I deeply appreciate Eyal Mozes’s thoughtful challenges to my critique of Ayn Rand’s metaethical theory, which I present in my book, What’s Wrong with Ayn Rand’s Objectivist Ethics, and in subsequent essays.

Here I reply to Mozes’s March 25, 2019, essay. My essay here is part of an exchange beginning with Mozes’s January 6 essay and continuing with my previous reply. Although I seek to put the present discussion in its broader context, I certainly do not try to recapitulate my entire case here, a fact to which I hope readers are sensitive. My goal here is to try to wrap up the exchange so that readers know where and how Mozes and I disagree.

Here is the main issue on the table: In her essay, “The Objectivist Ethics,” Rand argues that an organism’s values orient to that organism’s survival. What this means for people, who have free will, is that people should pursue their survival as their fundamental moral aim. Survival is what morality is basically about. This view is the theoretical root of Rand’s egoistic moral theory, as Rand presents it. (That said, Rand developed her basic egoistic positions before formulating her metaethics, so, to my mind, it is an open question to what degree the former actually rest on the latter.)

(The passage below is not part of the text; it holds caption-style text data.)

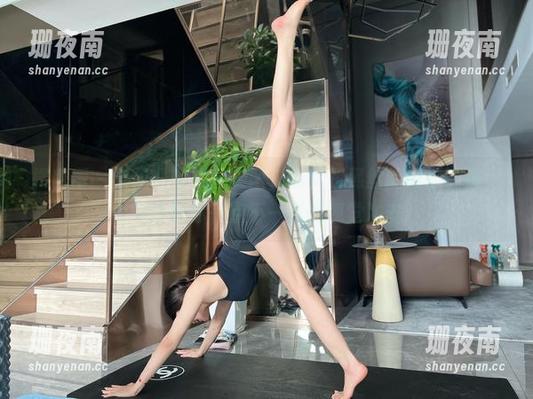 金希儿 微密圈 - 金希儿的极品美图,熟女和黑丝的绝妙配搭,今天就给你一点不一样的视觉冲击!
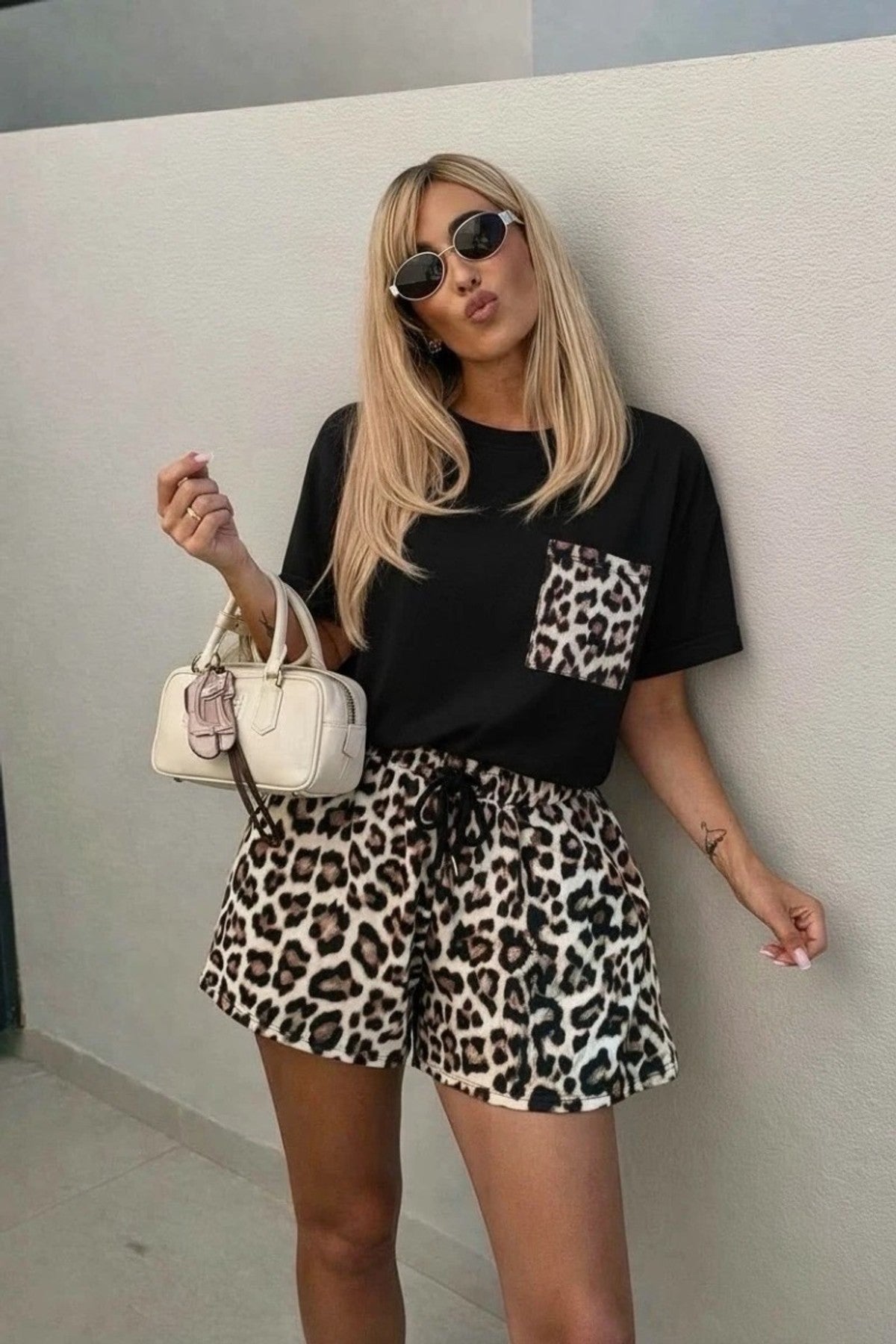 Ensemble short motif léopard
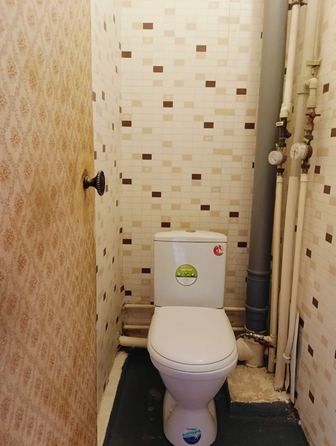 
  Продается 2-комн. квартира, 51 м², Добровольского ул, д. 18
. Фото 14.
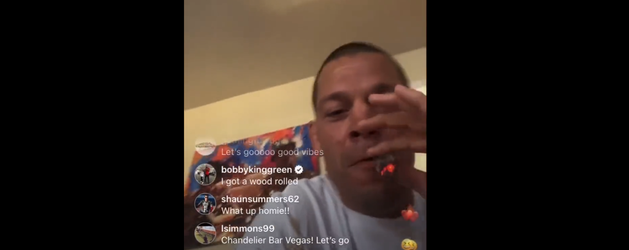 🎥​ | MMA-vechter Nate Diaz rookt jointje... met dopingcontroleur in zijn huiskamer!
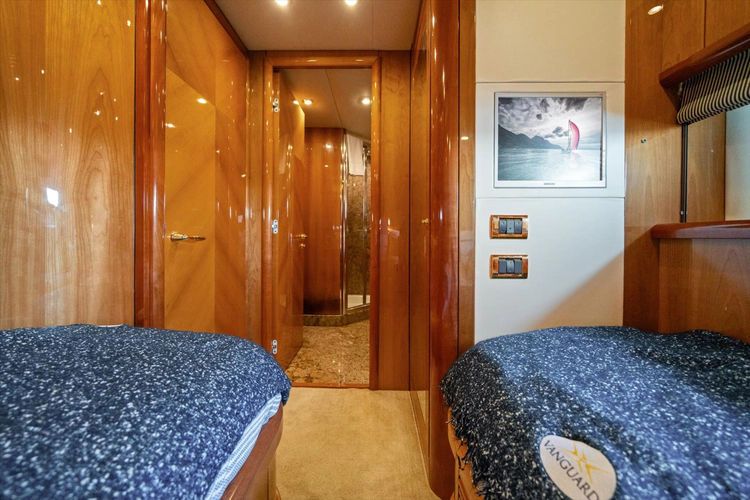 2005 Sunseeker 82 Yacht - Image 34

To survive, people must be true to their nature, Rand argues. People have long-range needs and complex psychologies, and we survive fundamentally by productive use of our reason. Also, we can survive more or less robustly. The somewhat broader statement of Rand’s position, given these facts, is that people should pursue their long-range, robust survival, which they can do only by acting virtuously (with rationality as the crown virtue), and which generally results in their happiness.

Yes, I am familiar with Rand’s remarks that she is not after “survival at any price”; I devote a section of my book to the relevant passages (pp. 86–90). Many Objectivists simply misread Rand on this point. My interpretation of Rand’s theory is fully consistent with her remarks on the matter. Following is my summary of the meaning of Rand’s remarks: “[I]n context it is clear that Rand means that ‘survival at any price’ cannot actually result in long-term, robust survival. The price that people must pay to survive long-range is to act by reason” (p. 87). For more on this point, please see my reply to David W. Johnson.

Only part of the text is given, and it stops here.